Look through the data below and say how many of its lines contain "Image", adding nothing else.

Information supplied:
BEGIN

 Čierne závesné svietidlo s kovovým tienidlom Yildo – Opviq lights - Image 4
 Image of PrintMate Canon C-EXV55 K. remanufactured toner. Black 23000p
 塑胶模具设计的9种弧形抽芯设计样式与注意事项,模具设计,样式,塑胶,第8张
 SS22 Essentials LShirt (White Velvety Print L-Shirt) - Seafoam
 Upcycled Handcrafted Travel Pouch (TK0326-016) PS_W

END
BEGIN

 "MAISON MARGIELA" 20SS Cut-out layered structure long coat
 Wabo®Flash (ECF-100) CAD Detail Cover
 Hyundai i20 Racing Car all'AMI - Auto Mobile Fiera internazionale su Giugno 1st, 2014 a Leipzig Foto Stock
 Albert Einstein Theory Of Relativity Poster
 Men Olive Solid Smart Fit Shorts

END

Your solution: 2